Pictures with short captions

++++++

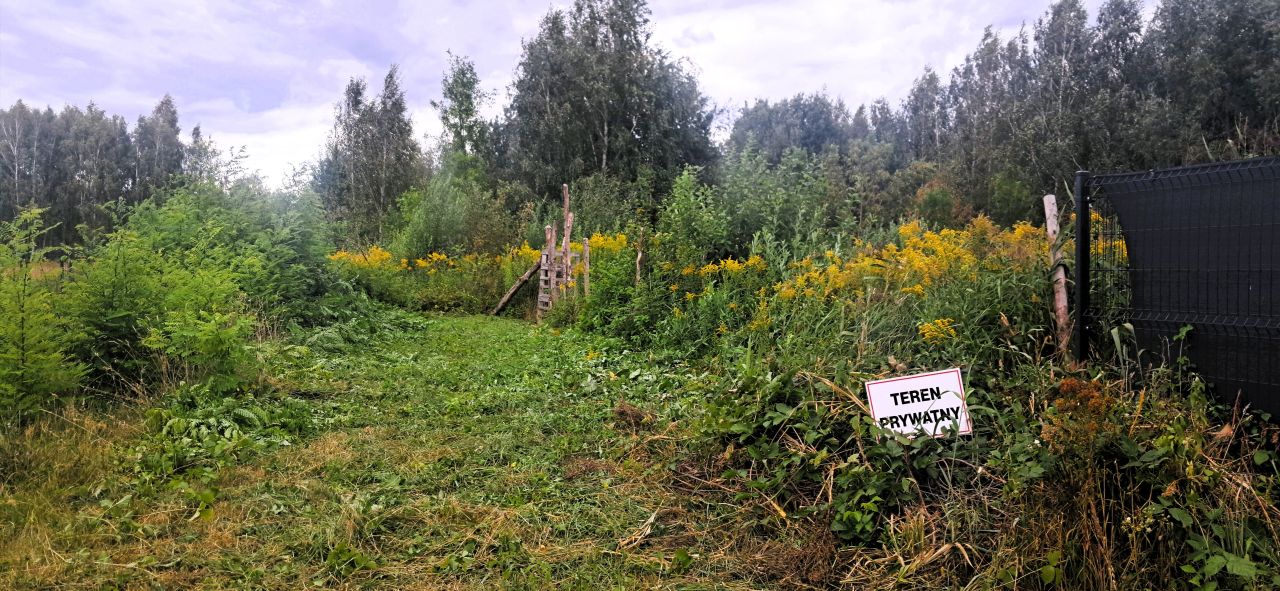Działka budowlana Budy-Grzybek, ul. Alpejska. Zdjęcie 3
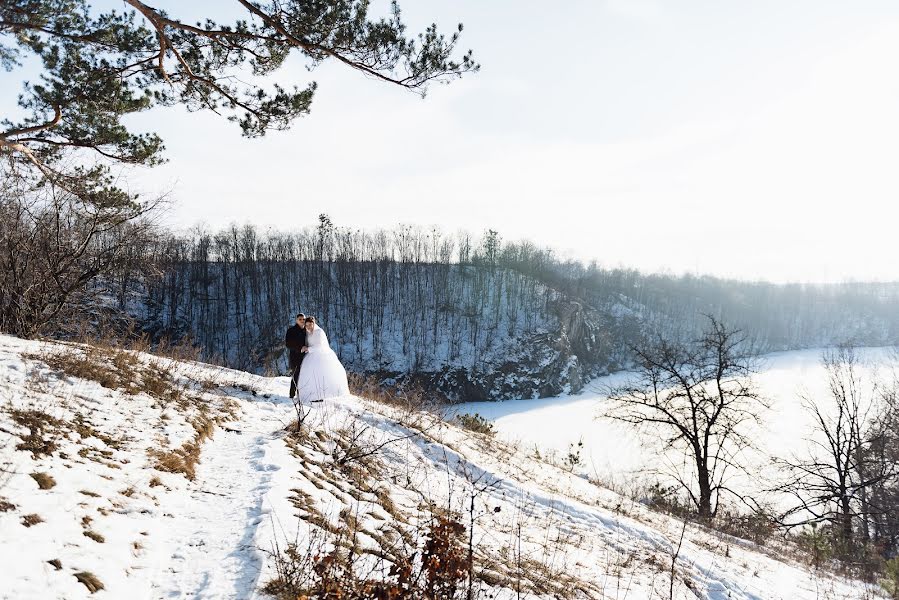 Hochzeitsfotograf Denis Konstantinov (380960170930). Foto vom 21. Februar 2018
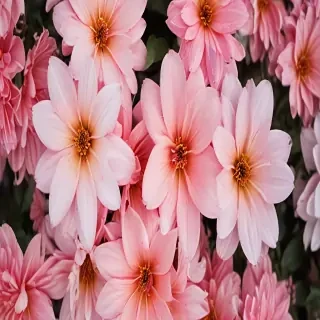 iphone wallpaper flower background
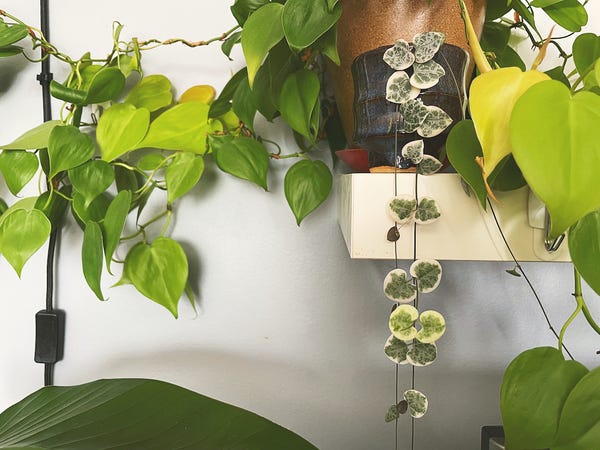 My variegated string of hearts is actually three times as long as what is shown in this photo.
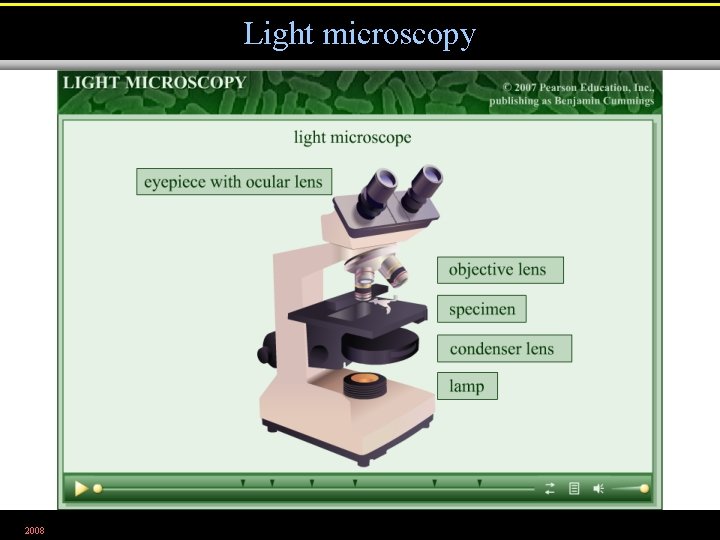 Light microscopy 2008 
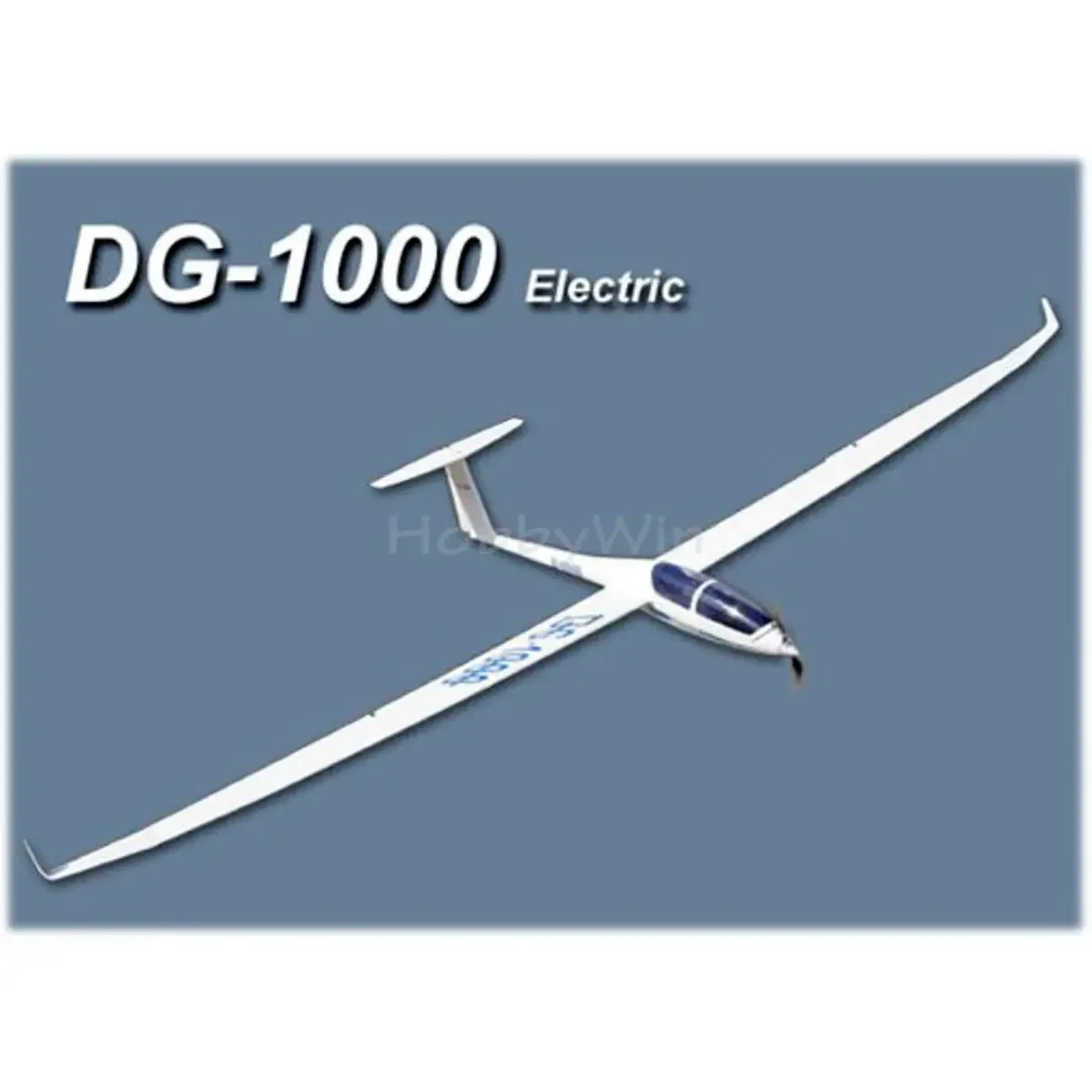 DG-1000 Electirc Glider 2630mm ARF Fiberglass  Wood RC Model Sailplane 3
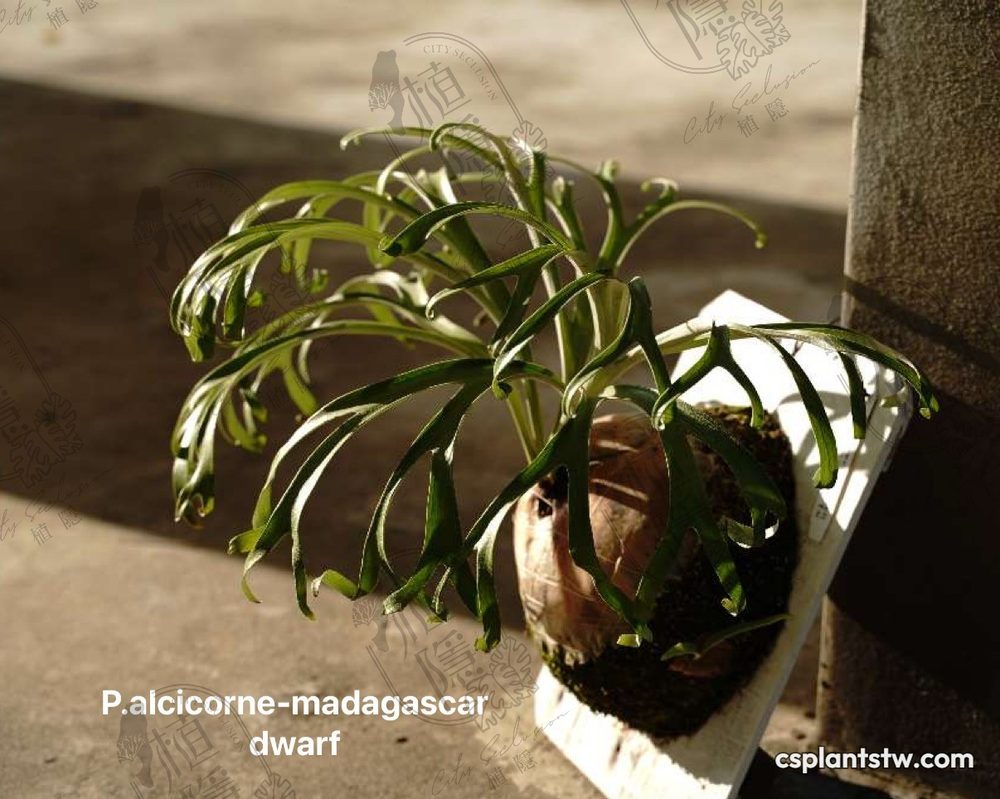 Platycerium alcicorne 'Madagascar' Dwarf staghorn fern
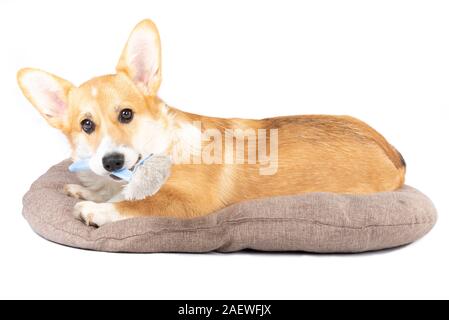 brush for corgi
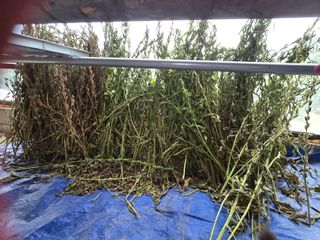 권춘화님의 참깨 · 영농일지 작성글 사진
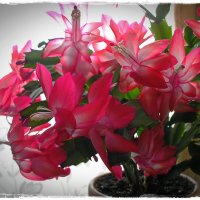 Пора цветения :: Любовь Чунарёва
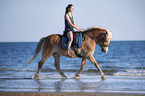 woman rides Haflinger
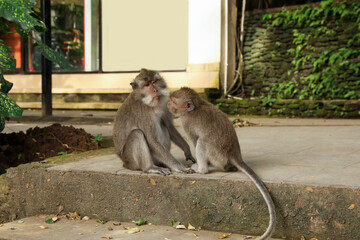 Cute monkeys sitting on concrete surface in park
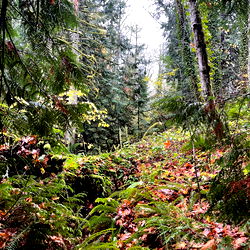 Greg McKeon - Model Page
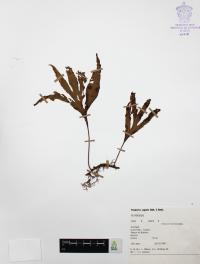 Pleopeltis angusta image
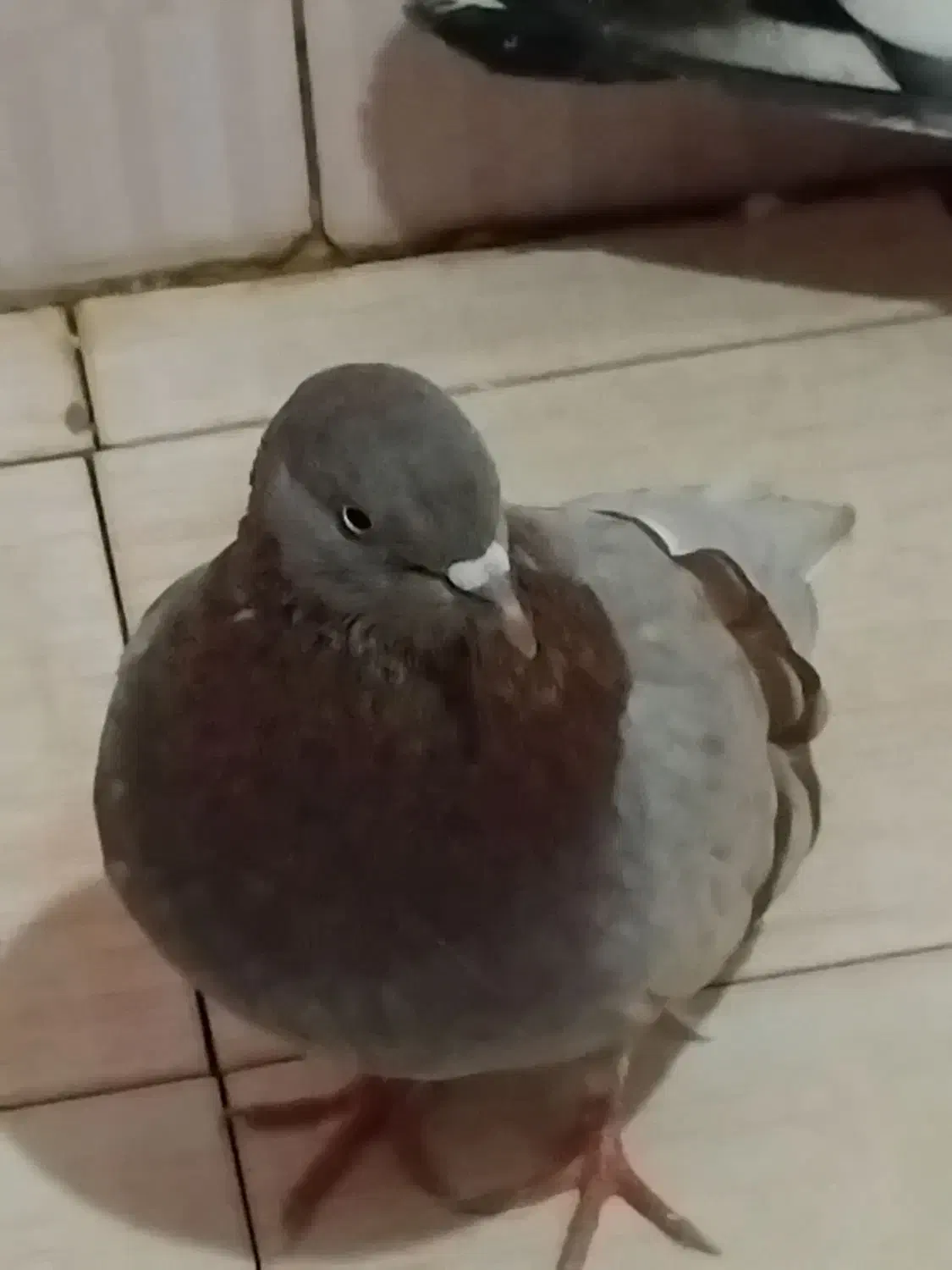 سه تا کبوتر گرویی سال|پرنده|رشت, کوی حسینی|دیوار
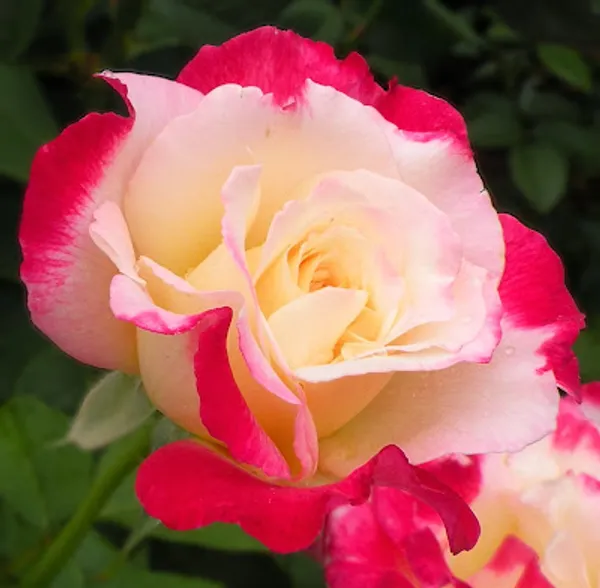 Double_Patel_Dutch_Rose_Flower_Plant_(Pack_Of_1)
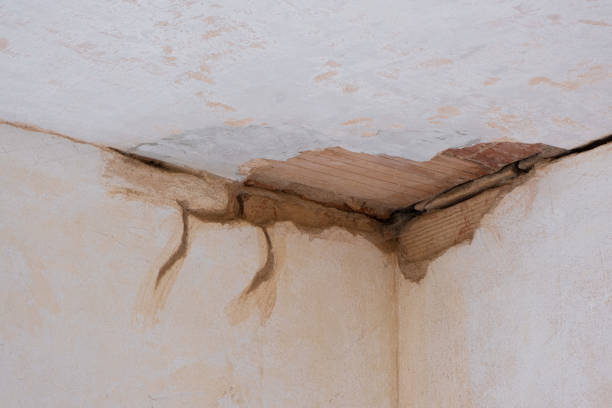 Best Emergency water damage restoration  in Lochsloy, WA
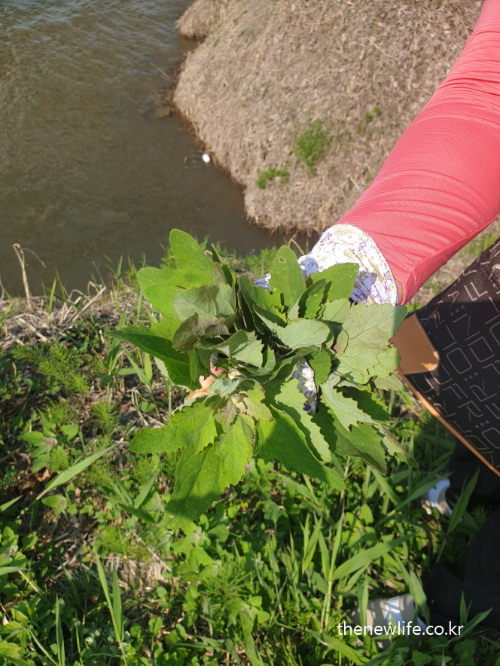 A hand holding freshly picked Chenopodium leaves by the riverside – 강가에서 갓 채취한 명아주 나물을 손에 들고 있는 모습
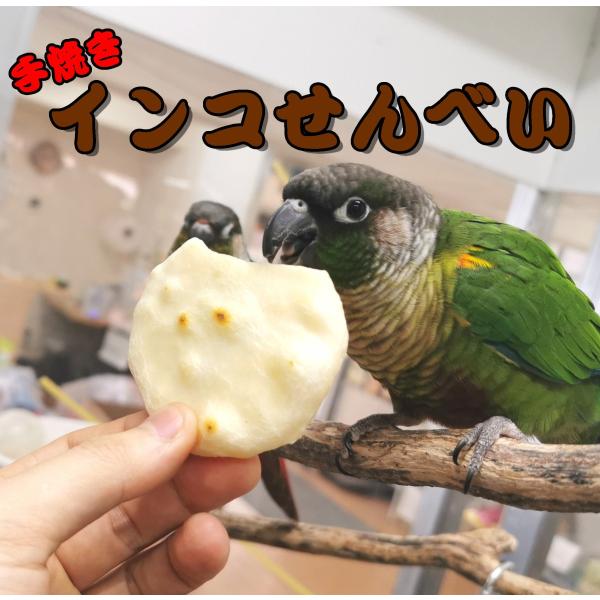 小鳥のための手焼きおせんべい　1枚入　インコのお煎餅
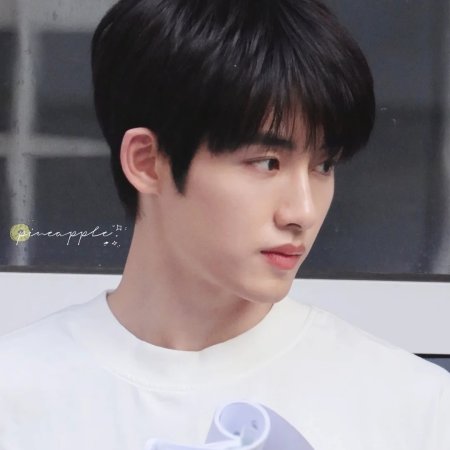 Sunshine through the Rain ()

++++++

● **TASK INSTRUCTIONS**
Copy the records exactly. Skip any pictures.

● **RESULT OF THE EXERCISE**
Działka budowlana Budy-Grzybek, ul. Alpejska. Zdjęcie 3
 Hochzeitsfotograf Denis Konstantinov (380960170930). Foto vom 21. Februar 2018
 iphone wallpaper flower background
 My variegated string of hearts is actually three times as long as what is shown in this photo.
 Light microscopy 2008 
 DG-1000 Electirc Glider 2630mm ARF Fiberglass  Wood RC Model Sailplane 3
 Platycerium alcicorne 'Madagascar' Dwarf staghorn fern
 brush for corgi
 권춘화님의 참깨 · 영농일지 작성글 사진
 Пора цветения :: Любовь Чунарёва
 woman rides Haflinger
 Cute monkeys sitting on concrete surface in park
 Greg McKeon - Model Page
 Pleopeltis angusta image
 سه تا کبوتر گرویی سال|پرنده|رشت, کوی حسینی|دیوار
 Double_Patel_Dutch_Rose_Flower_Plant_(Pack_Of_1)
 Best Emergency water damage restoration  in Lochsloy, WA
 A hand holding freshly picked Chenopodium leaves by the riverside – 강가에서 갓 채취한 명아주 나물을 손에 들고 있는 모습
 小鳥のための手焼きおせんべい　1枚入　インコのお煎餅
 Sunshine through the Rain ()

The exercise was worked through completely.